(Short web captions)
==================================================
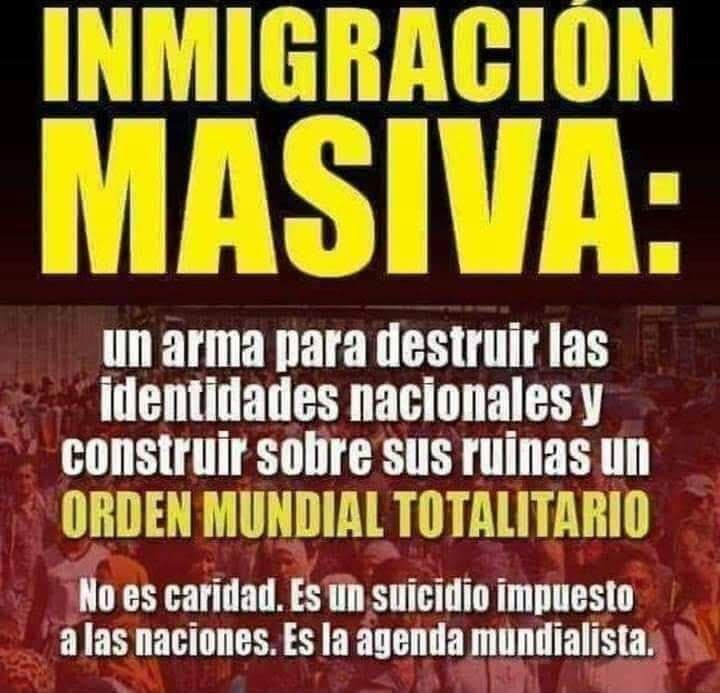 MARIACA49946720's tweet photo. https://t.co/P9RN7n3zWz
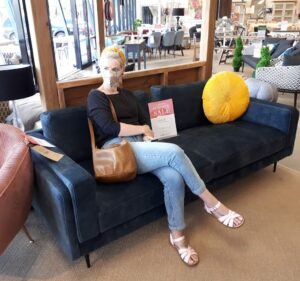 Furniture Stores in Victoria Australia Early Settler Furniture Store Bendigo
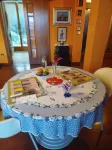 B&B Signora Minù
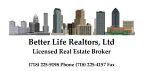 Broker/Agent Name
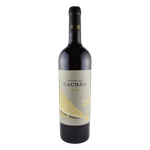 Vinho-Quinta-do-Cachao-Touriga-Nacional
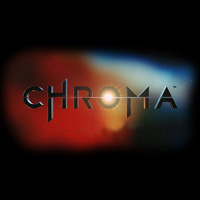 Chroma: Cheats, Trainer +14 [dR.oLLe]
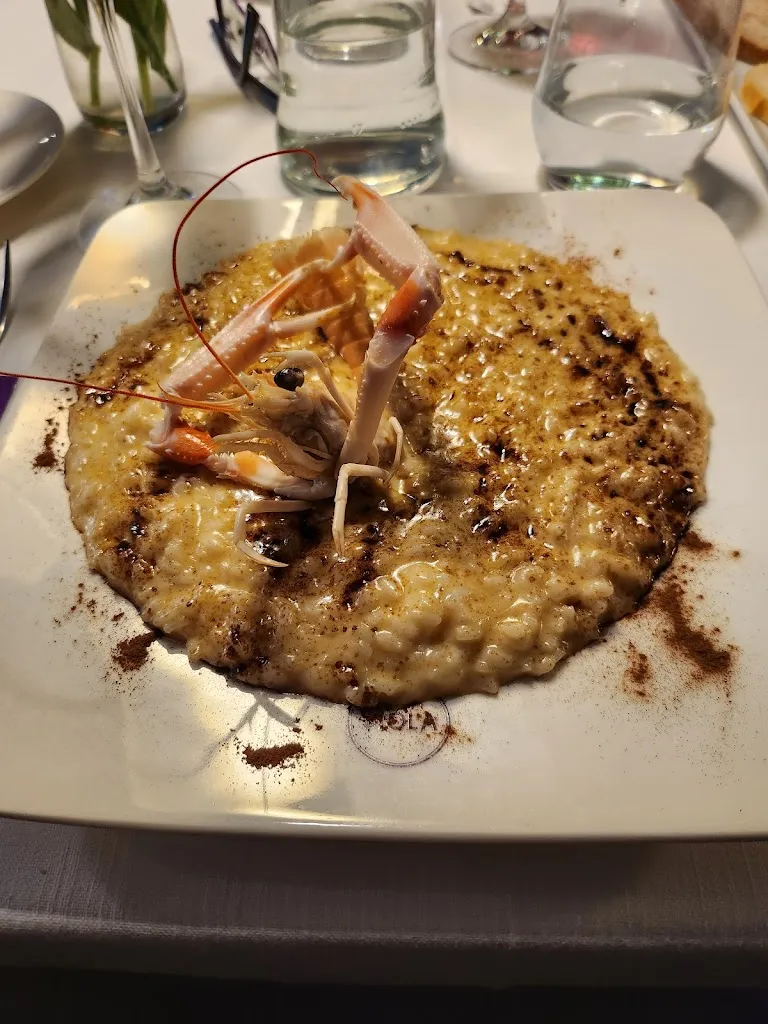 Menu_Viola_Alassio_image_3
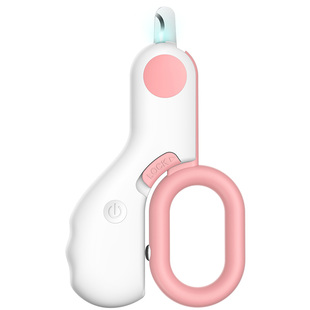 猫咪指甲剪宠物指甲刀狗狗指甲钳神器新手专用猫爪兔子猫剪甲用品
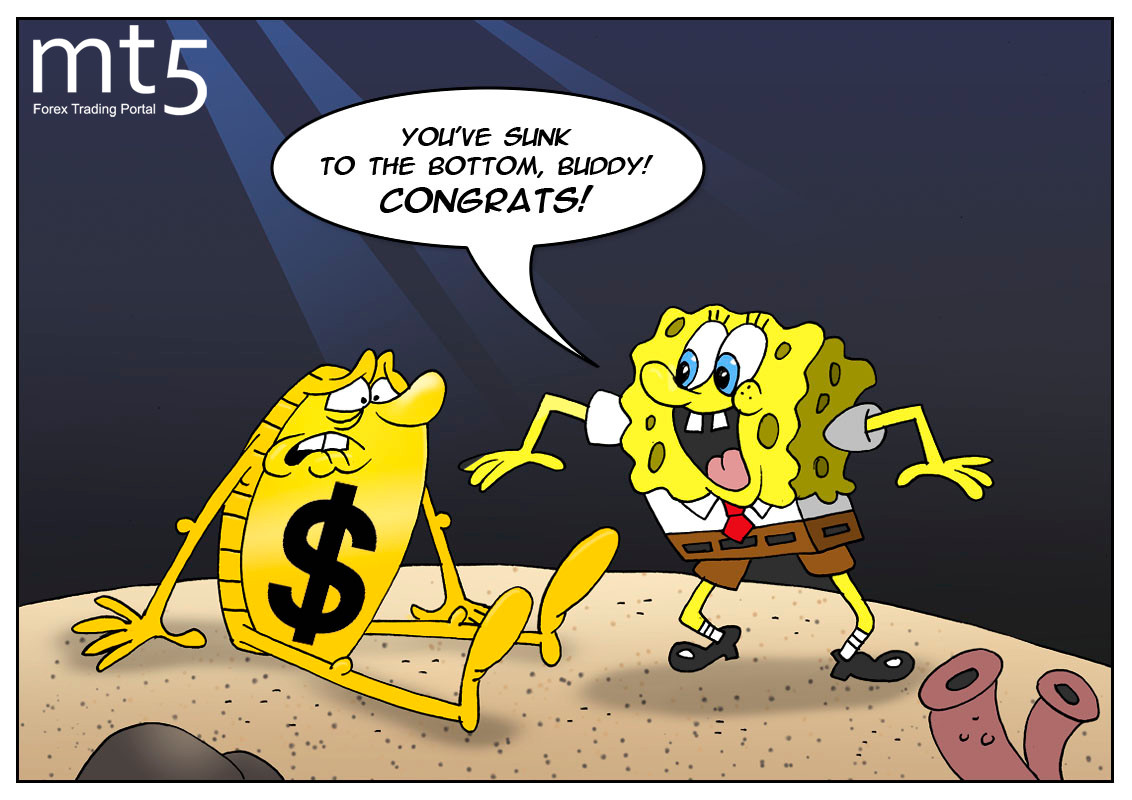 https://forex-images.mt5.com/humor/img5f3690ec7c75f.jpg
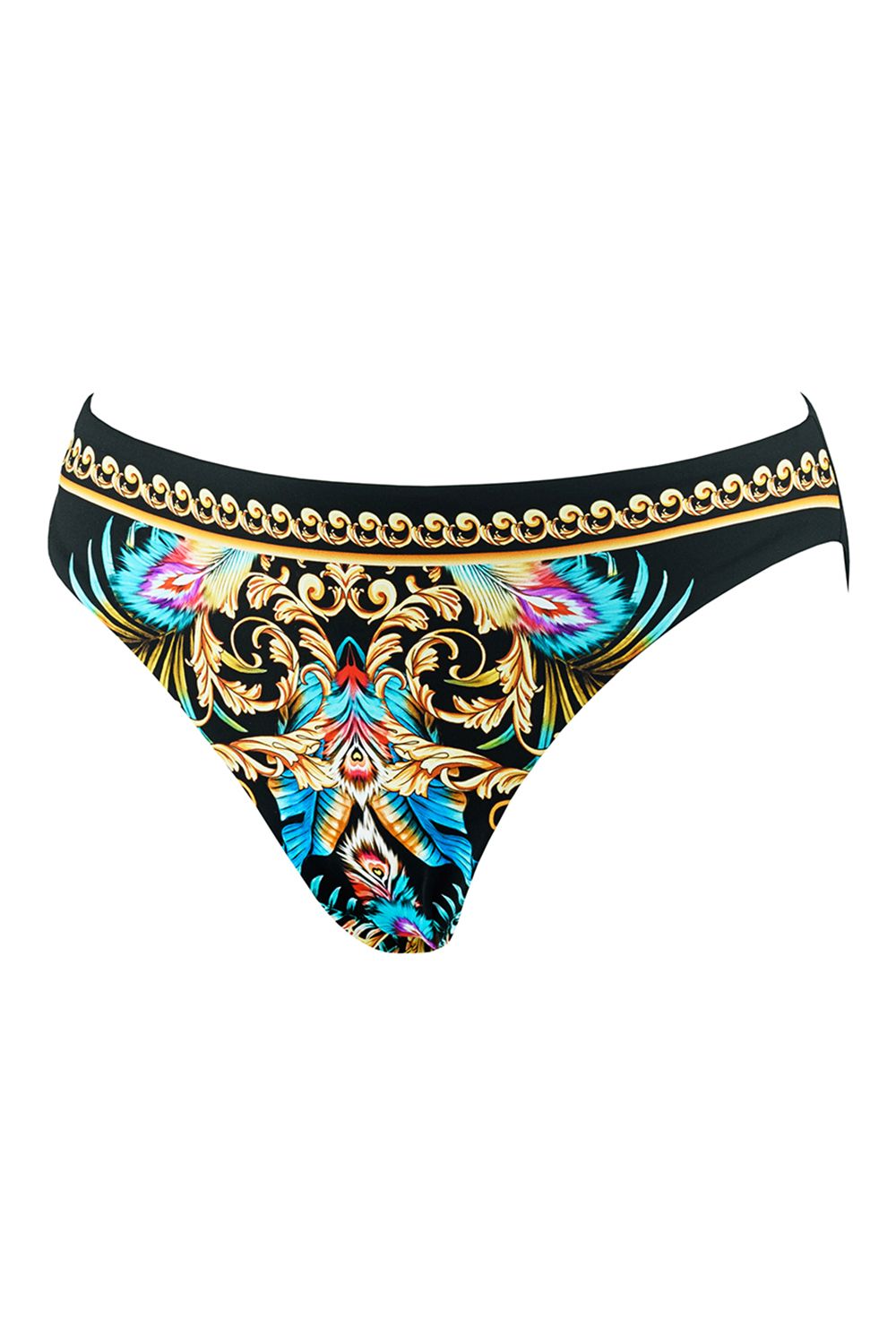 плавки cbc187 v1 от магазина «Зона Белья»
==================================================
Exercise instructions
The lines from the one containing "B&B Signora Minù" through the last line above are to be repeated exactly, and only those. Any pictures must be left out.

Answer to the exercise
 B&B Signora Minù
 Broker/Agent Name
 Vinho-Quinta-do-Cachao-Touriga-Nacional
 Chroma: Cheats, Trainer +14 [dR.oLLe]
 Menu_Viola_Alassio_image_3
 猫咪指甲剪宠物指甲刀狗狗指甲钳神器新手专用猫爪兔子猫剪甲用品
 https://forex-images.mt5.com/humor/img5f3690ec7c75f.jpg
 плавки cbc187 v1 от магазина «Зона Белья»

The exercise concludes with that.